-- STUDY MATERIAL follows --

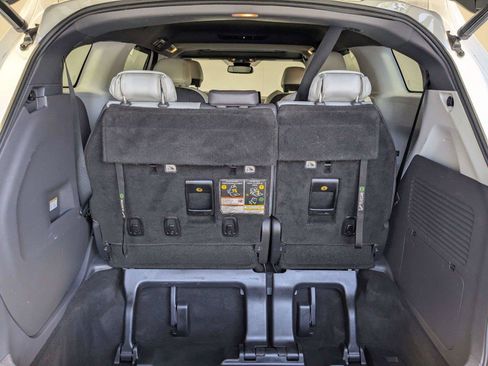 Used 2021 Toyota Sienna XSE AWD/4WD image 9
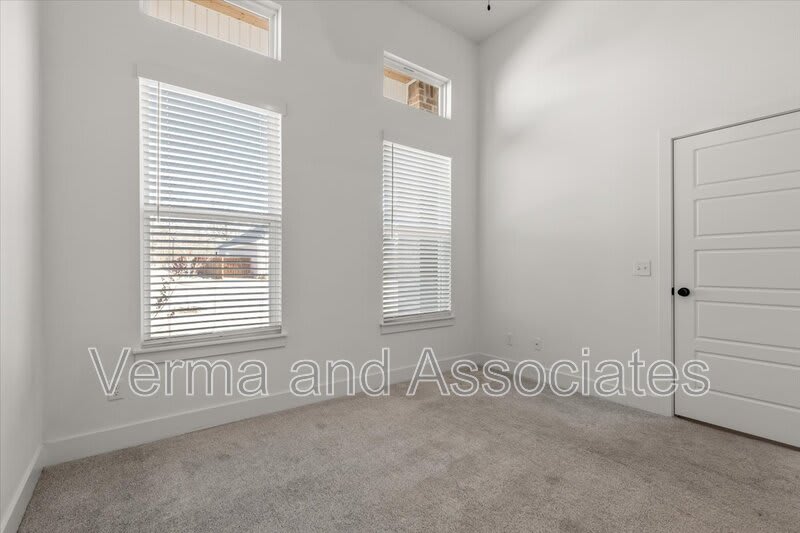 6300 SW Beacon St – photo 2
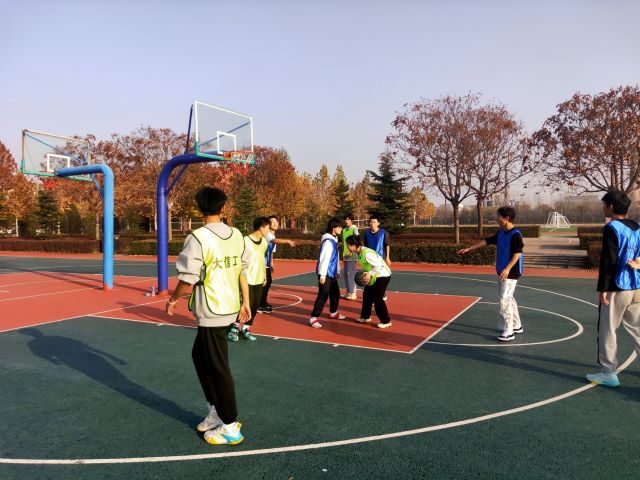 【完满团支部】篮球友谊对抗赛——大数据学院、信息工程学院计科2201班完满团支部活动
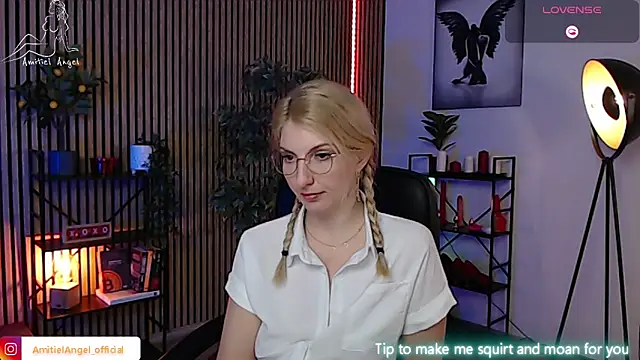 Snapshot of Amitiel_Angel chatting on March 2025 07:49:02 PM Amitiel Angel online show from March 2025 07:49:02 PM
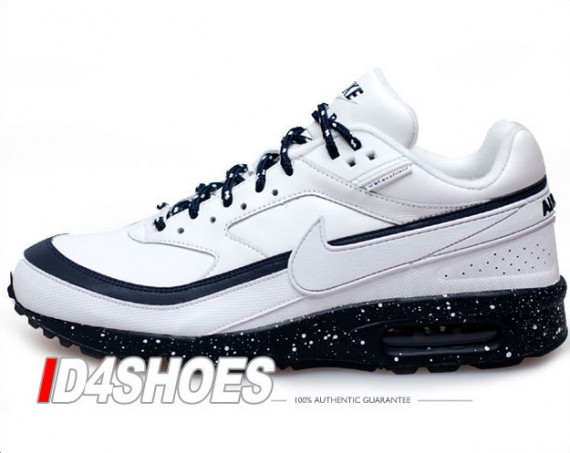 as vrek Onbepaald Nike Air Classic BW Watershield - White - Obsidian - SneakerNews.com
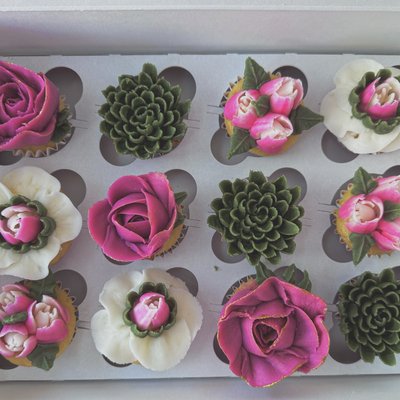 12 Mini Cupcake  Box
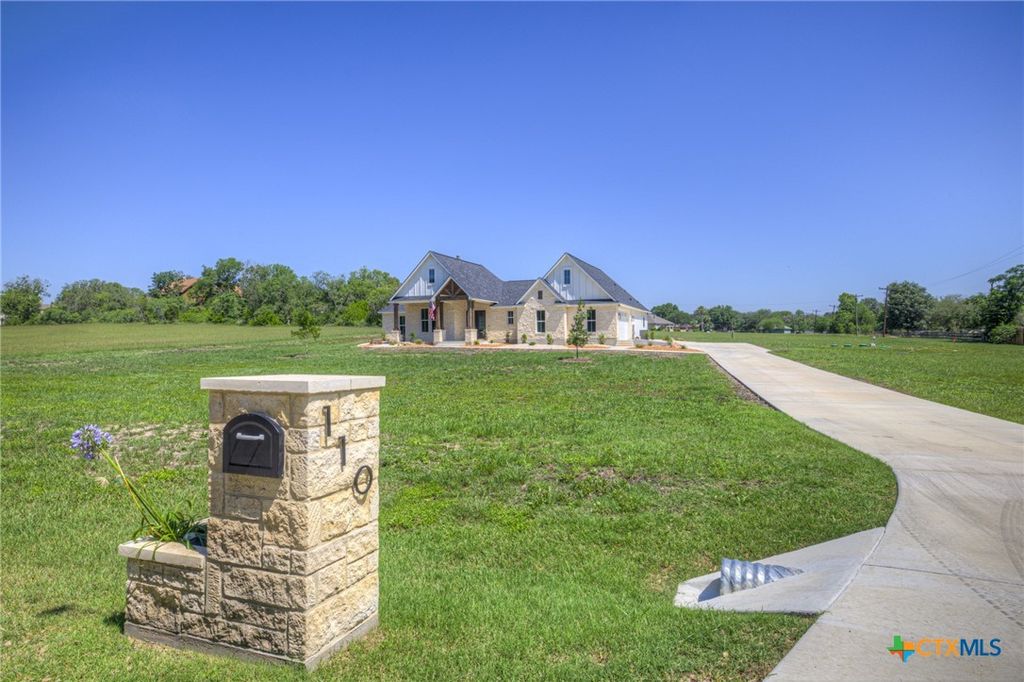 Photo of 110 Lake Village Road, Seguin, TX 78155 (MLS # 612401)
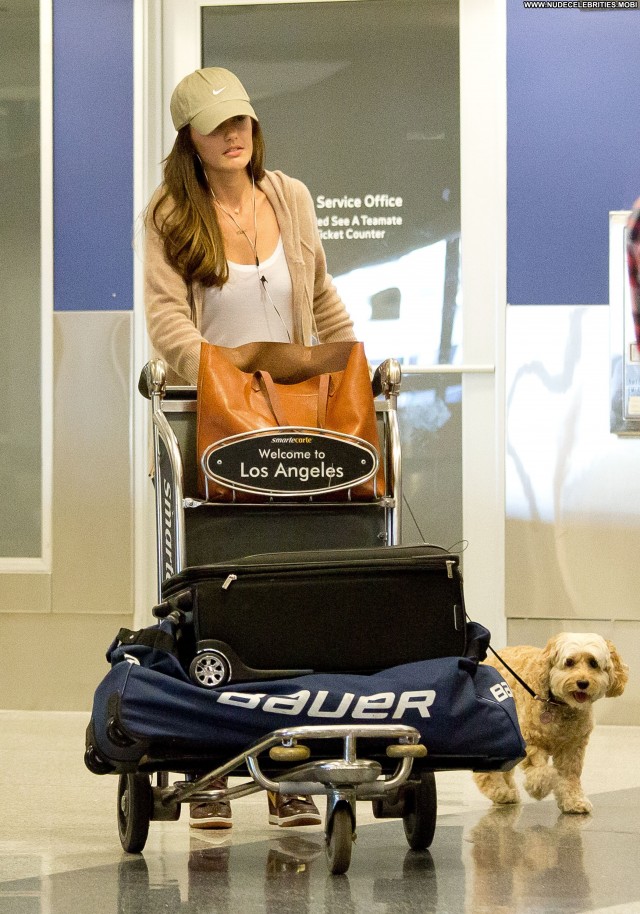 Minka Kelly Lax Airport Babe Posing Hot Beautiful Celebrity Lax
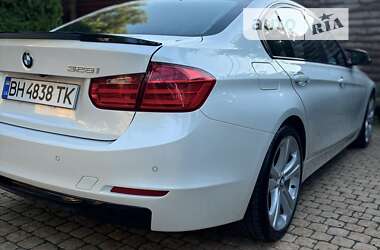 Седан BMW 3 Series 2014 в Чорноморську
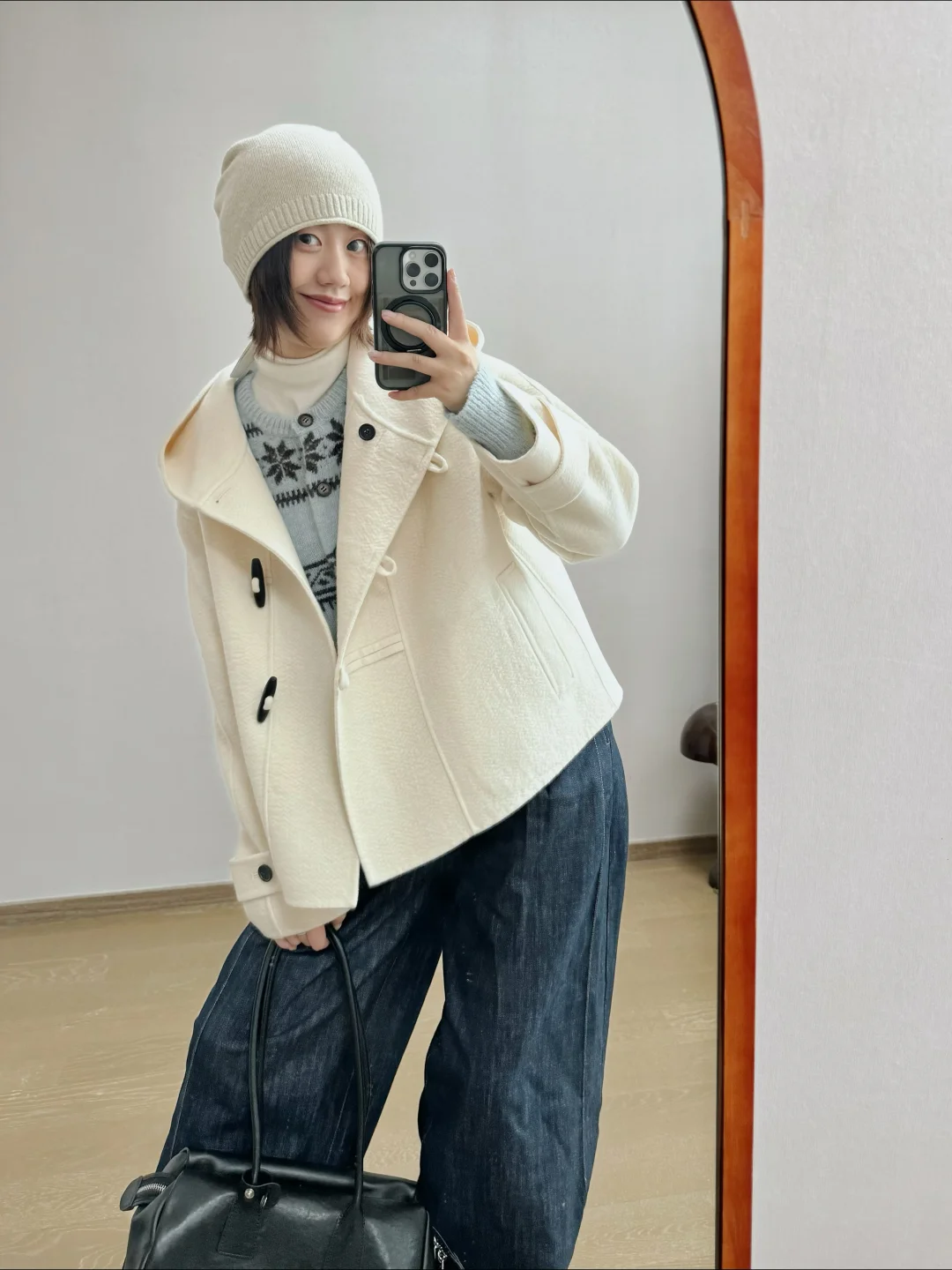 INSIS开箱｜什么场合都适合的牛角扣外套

-- STUDY MATERIAL concluded --

TASK DIRECTIONS — Repeat word for word, and nothing more, the lines between the line containing "Minka Kelly Lax" and the last line of the records above, inclusive, without pictures.

SOLUTION TO THIS EXERCISE —
 Minka Kelly Lax Airport Babe Posing Hot Beautiful Celebrity Lax
 Седан BMW 3 Series 2014 в Чорноморську
 INSIS开箱｜什么场合都适合的牛角扣外套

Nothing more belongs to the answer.